> Task: Your task is to return the listing below word for word, without any of its images.

> Records for the exercise:
== == ==
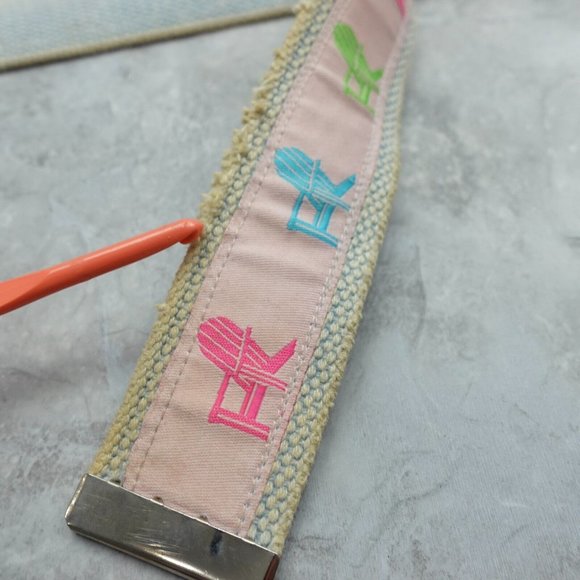 Preppy Belt Womens Size Medium Metal D Ring Buckle Porch Chair Canvas Webbed Y2K - Picture 14 of 16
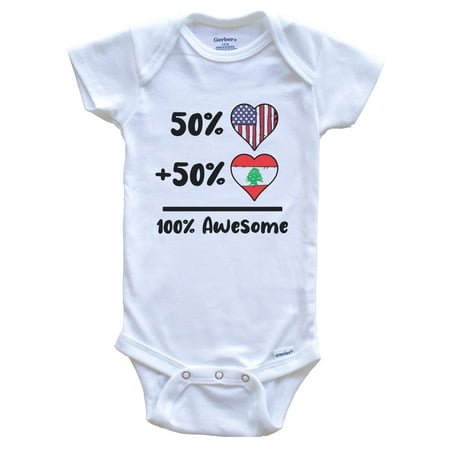 

50% American 50% Lebanese 100% Awesome Lebanon Heart Flag Baby Bodysuit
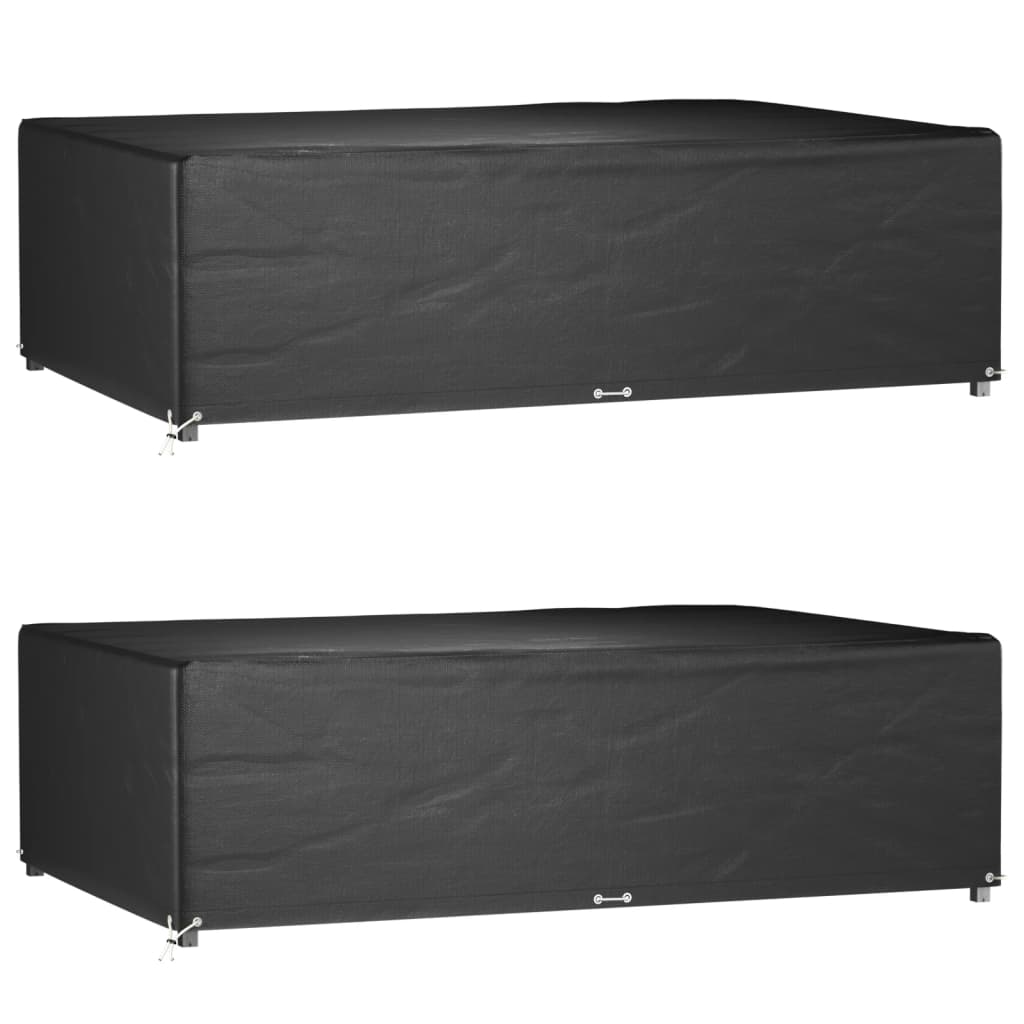 vidaXL Κάλυμμα Επίπλων Κήπου 2 τεμ Ορθογ. με 12 Κρίκους 227x152x65 εκ.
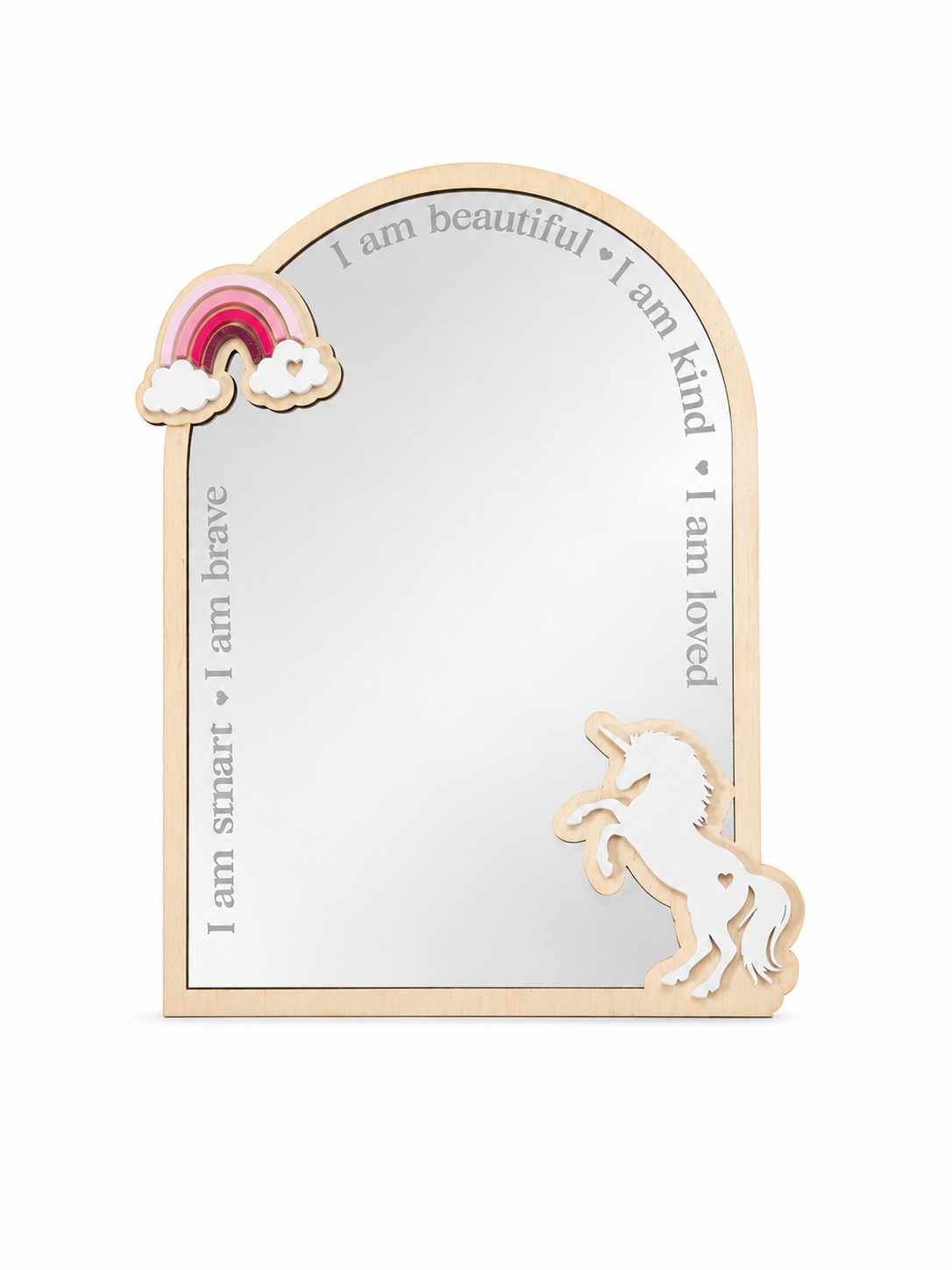 Kids acrylic affirmation mirror with layered unicorn and rainbow design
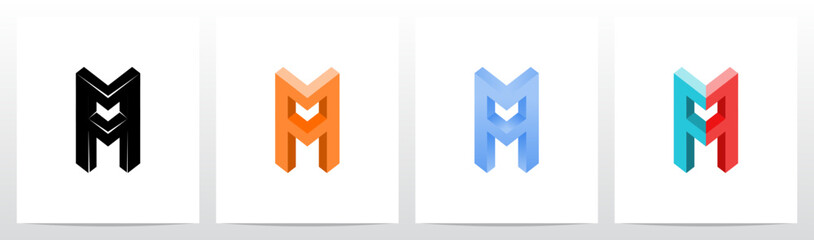 Corner Angle Three-Dimensional Block Letter Initial Logo Design A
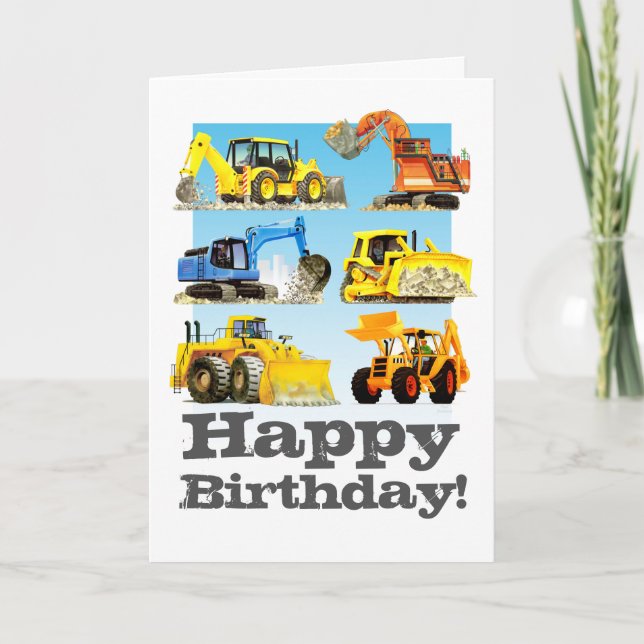 Kids Custom Yellow Digger Excavator Happy Birthday Card (Front)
== == ==
> The answer:
 Preppy Belt Womens Size Medium Metal D Ring Buckle Porch Chair Canvas Webbed Y2K - Picture 14 of 16

50% American 50% Lebanese 100% Awesome Lebanon Heart Flag Baby Bodysuit
 vidaXL Κάλυμμα Επίπλων Κήπου 2 τεμ Ορθογ. με 12 Κρίκους 227x152x65 εκ.
 Kids acrylic affirmation mirror with layered unicorn and rainbow design
 Corner Angle Three-Dimensional Block Letter Initial Logo Design A
 Kids Custom Yellow Digger Excavator Happy Birthday Card (Front)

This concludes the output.